Toprak Sergen, Pixel Post Prodüksiyon stüdyosunda gerçekleştirilen röportajda, AA muhabirine sektöre nasıl girdiğini ve mesleğinin zorluklarını anlattı.
“16 yaşındayken Radyo Çocuk Kulübü’nün idarecisi olmuştum”
Son olarak TRT 1’de yayınlanan “Alparslan: Büyük Selçuklu” dizisinde “Kekavmenos” karakterini canlandıran usta oyuncu, 11 yaşındayken Ankara’da Radyo Çocuk Kulübü’nün açtığı sınava giren 600 kişi arasında, başarılı olan 30 kişiden biri olduğunu söyledi.
Toprak Sergen, o dönemde Rüştü Asyalı, Ergin Orbey ve Ecder Akışık’tan diksiyon ile etkili ve doğru konuşma dersleri aldığını belirterek, “Onun ardından zaten ben hem radyoda hem de TRT’de dublaj yapmaya başladım. Arada çocuk programları, belgeseller sunuyordum. Pek çok ünlüyü dizi ve filmlerde konuştum hem TRT’de hem de özel sektörde.” ifadelerini kullandı.
İstanbul’a gelmesinin ardından, 25 yıl tanıtım filmleri, reklamlar ve özel projelerde seslendirme yaptığını dile getiren 54 yaşındaki sanatçı, şu bilgileri verdi:
“Babam (Semih Sergen) hem tiyatro sanatçısı idi hem de seslendirme yapıyordu. Dolayısıyla zaten bizim evde tiyatro o kadar harcıalem konuşulan bir şeydi ki. Mesela ben sahneyi evin parçalarından biri zannediyordum. Salon, oturma odası, sahne, mutfak. Gelen gidenler, benim abi, abla dediklerim aslında ünlü oyunculardı ve aynı zamanda tabii seslendirme sanatçılarıydı. Dolayısıyla camianın içinde doğdum, büyüdüm, yetiştim gibi. Zaten 16 yaşındayken de Radyo Çocuk Kulübünün idarecisi olmuştum. Yani canlı yayında hem yönetmenlik hem içeri girip dublaj yapıyordum hem reji masasında oturuyordum, bir yandan da canlı yayını sürdürüyordum. TRT’nin işte o anlamdaki en küçük yönetmeni ve idarecisiymişim. O günlerden bugünlere…”

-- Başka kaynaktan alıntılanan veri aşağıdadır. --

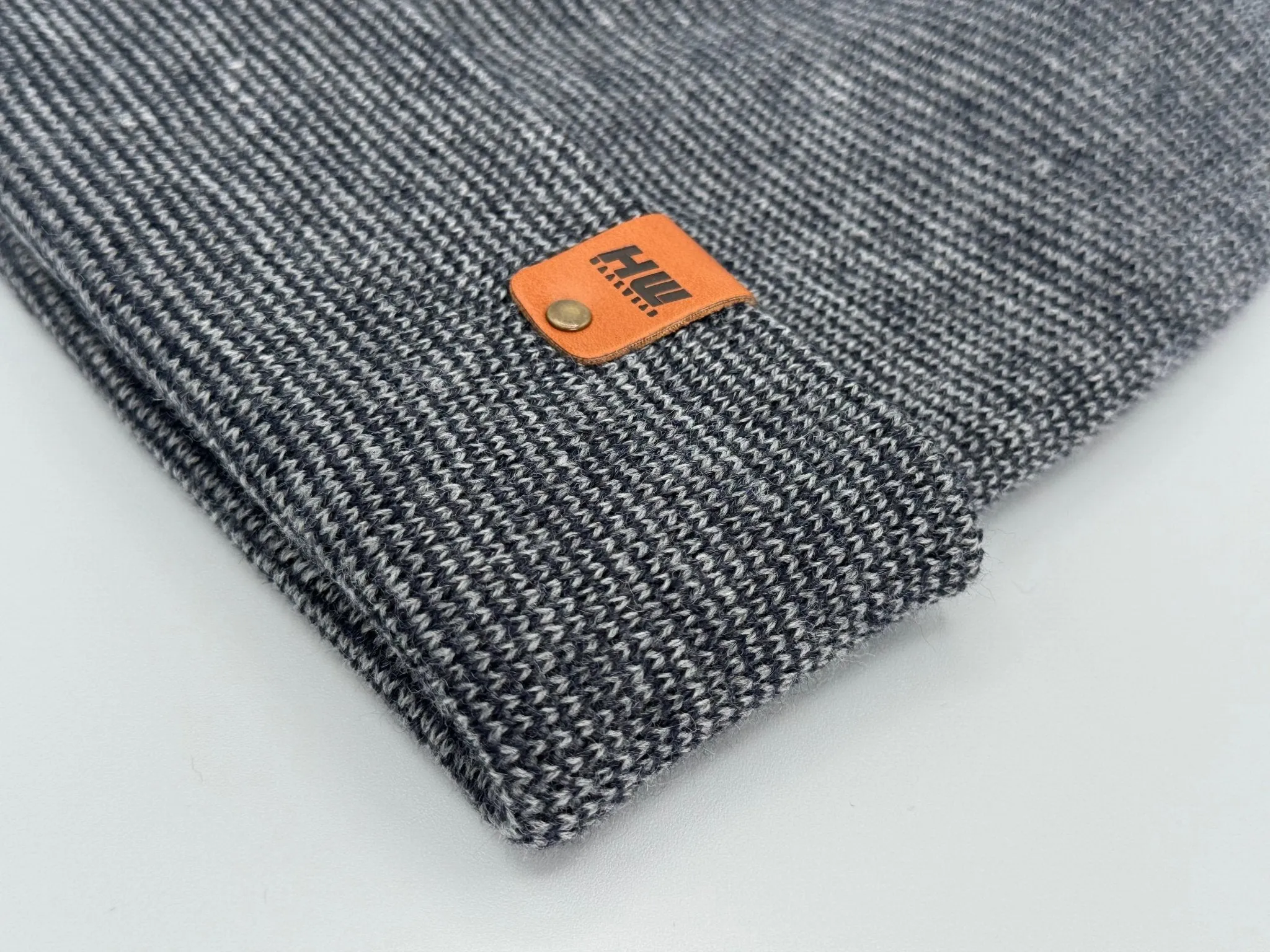 Haakwear Theta Stitch Fusion Cuffed Beanie / Hat (Patent Pending Design) Gray / Denim, Made in USA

“Saat 10.00’da başlıyorduk, gece 23.00, 24.00’te bitiyordu çalışmalar”
Sanatçı Sergen, seslendirme konusundaki usta isimlerden birinin oyuncu Sezai Aydın olduğunu aktararak, “Rahmetli Sezai ağabeyin İngilizcesi kuvvetli değildi ama inanılmaz bir iç görüsü vardı. Bill Cosby’i konuşurken gerçekten ağzım açık Sezai ağabeyi izliyordum. Çünkü hani İngilizceyi çok iyi bilmeden, hele de komedi konuşuyorsanız konuştuğunuz kişi durduğunda sizin de duruyor olmanız gerekiyor. Çünkü espri o anda bitmiş oluyor. Sezai Abi bir şekilde böyle konuşmaya başlarken ardından hızlanmaya başlayıp şak diye zamanlamayı oturturdu ya da işte bu tonda, bu hızla konuşurken aniden daha da yavaşlamaya başlayıp yine espriyi sonuna getirip yine oturturdu. Az İngilizce biliyor olmasına rağmen, o bence biraz insanın içinde olan bir şey. Tabii tekrar etmek de çok önemli.” diye konuştu.

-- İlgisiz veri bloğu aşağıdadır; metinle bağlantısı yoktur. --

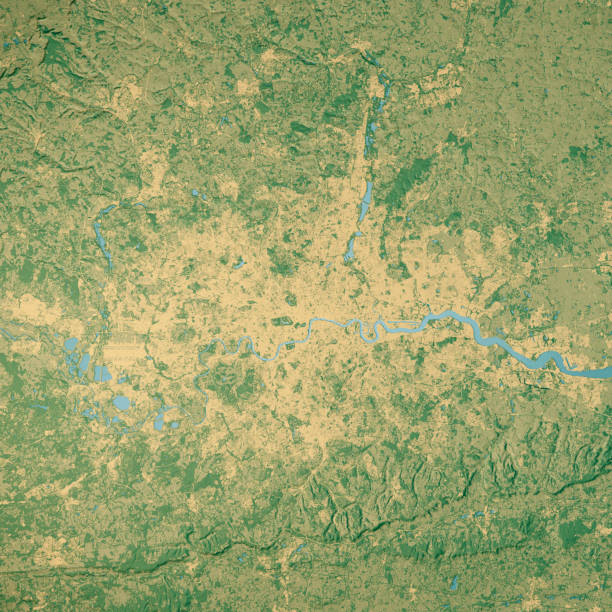istock London Satellite Topographic Map 3D Render Color 2163755564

Kariyeri boyunca birçok usta isimle çalıştığının altını çizen Sergen, şunları söyledi:
“Bir dönem sabah saat 10.00’da başlıyorduk. Gece saat 23.00, 24.00’te bitiyordu çalışmalar. TRT’de de işler devam ediyordu. Özel sektöre de iş yapıyorduk. Hatta bir ara Hint filmleri vardı, iki buçuk, üç saat. Yarısı kadar çeviri geliyordu. Yani üç saatin yarısı kadar, bir buçuk saatlik metin var. O metnin de hangi kısmının, o bir buçuk saatin ne kadarına uyduğu da belli değil. Bazen bir sahnede laflar fazla geliyor, bazen bir sahnede lafları az geliyor. Mesela kısa kaldığında laf beklersin, hani biraz daha kısa kalır, yine laf beklersin. Ama iyice kısa kalırsa ne yaparsın? Yemek tarifi. Ben kötü çevirmenlerden kötü çeviri geldiğinde, laflar uzamaya başladığında direk konu bittiği anda şöyle diyordum, ‘Zeytinyağlı barbunya bilir misin? Bak sana bir tarif vereyim.’ Böyle geçti gitti. Almanya pazarında çok izleniyordu bunlar. Bir dönem Belçika’ya gittim. Bir tanesi diyor ki ‘Abi biz zevkle izliyorduk ama o olayın içindeki o yemek tarifleri neden vardı? Hintliler yemeğe bu kadar mı meraklı?’ Ama şakşuka anlatıyorsun, Hint yemeği olarak.”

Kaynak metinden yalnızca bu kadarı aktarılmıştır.